The Private Opera  (),  also known as: 
The Russian Private Opera ();  
Moscow Private Russian Opera, (); 
Mamontov's Private Russian Opera in Moscow (); 
Korotkov's Theatre (, 1885-1888); 
Vinter's Theatre (, 1896-1899); 
Private Opera Society (, 1899-1904); and
Solodovnikov Theatre (, from 1895; later used by Zimin opera, Moscow Operetta, and Helikon Opera)

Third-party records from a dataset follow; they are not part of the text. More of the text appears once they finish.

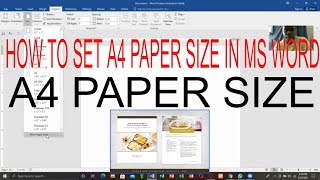 How To Set A4 Paper Size in MS Word  Microsoft Word Tutorial [upl. by Anahsak]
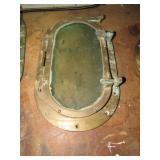 Brass port hole nautical window
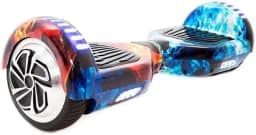 Hoverboard Skate Elétrico 6.5' Com Bolsa Led Bluetooth Fogo/Gelo Brinovar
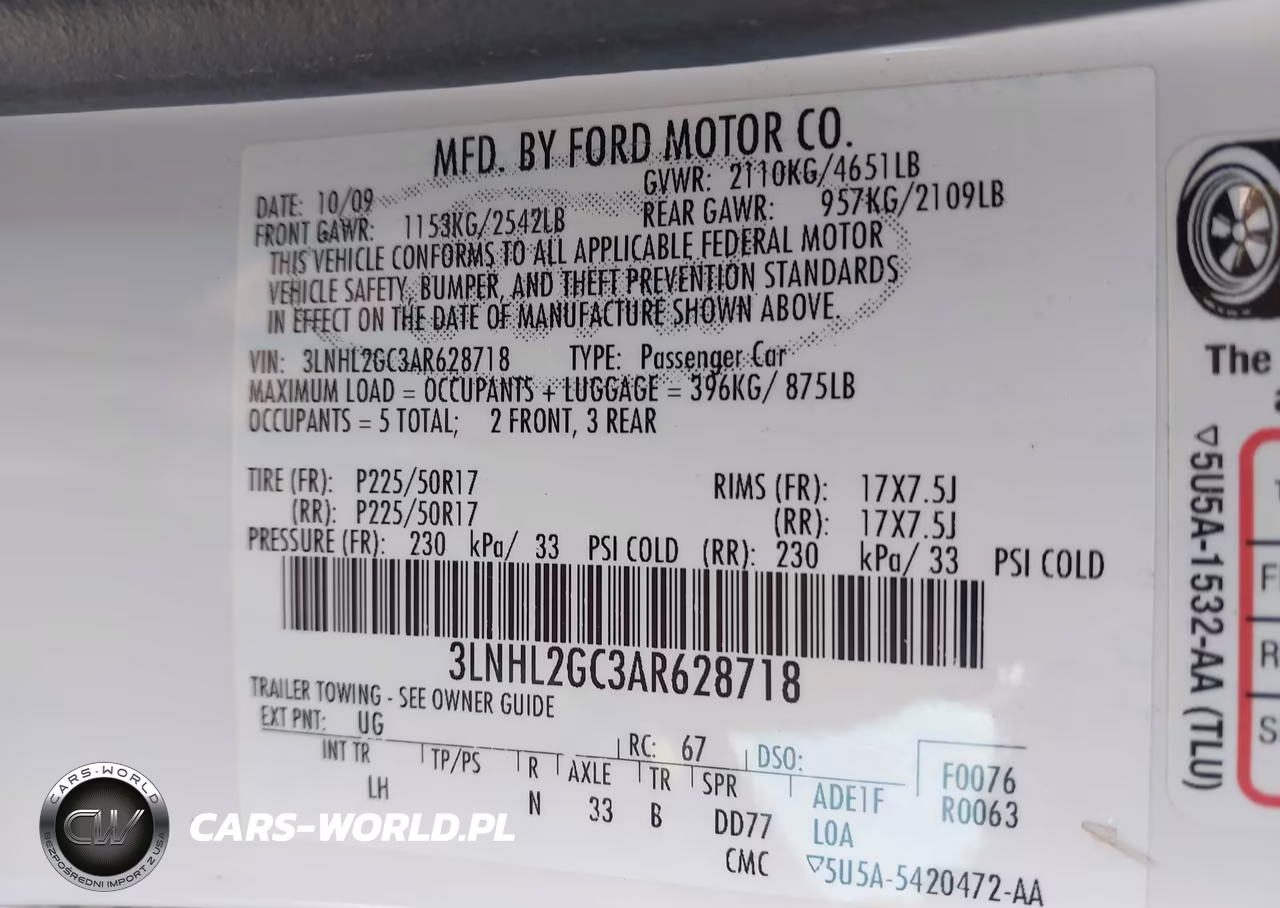 2010 Lincoln Mkz VIN:3LNHL2GC3AR628718 - 9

was a private operatic enterprise, a company established in 1885 by Russian industrialist and philanthropist Savva Mamontov, who staged the operas, conducted the orchestra, trained the actors, taught them singing and paid all the expenses.

The company
At first the company was organised in Abramtsevo Estate located north of Moscow. The company  was joined by Feodor Chaliapin in the autumn of 1896 and by Sergei Rachmaninov in the autumn of 1897 who took up the post of assistant conductor.

Later years

In Moscow the opera was located in the house at the Bolshaya Dmitrovskaya street, known as "Solodovnikov Theatre", built in 1894–1895 by Russiant merchant and music lover Gavrila Solodovnikov (1826–1901). Later the house was burned down and the Private Opera moved into the theatre "Paradis"  («Парадиз»), at 19/13, Bolshaya Nikitskaya Street (present-day Mayakovsky Theater).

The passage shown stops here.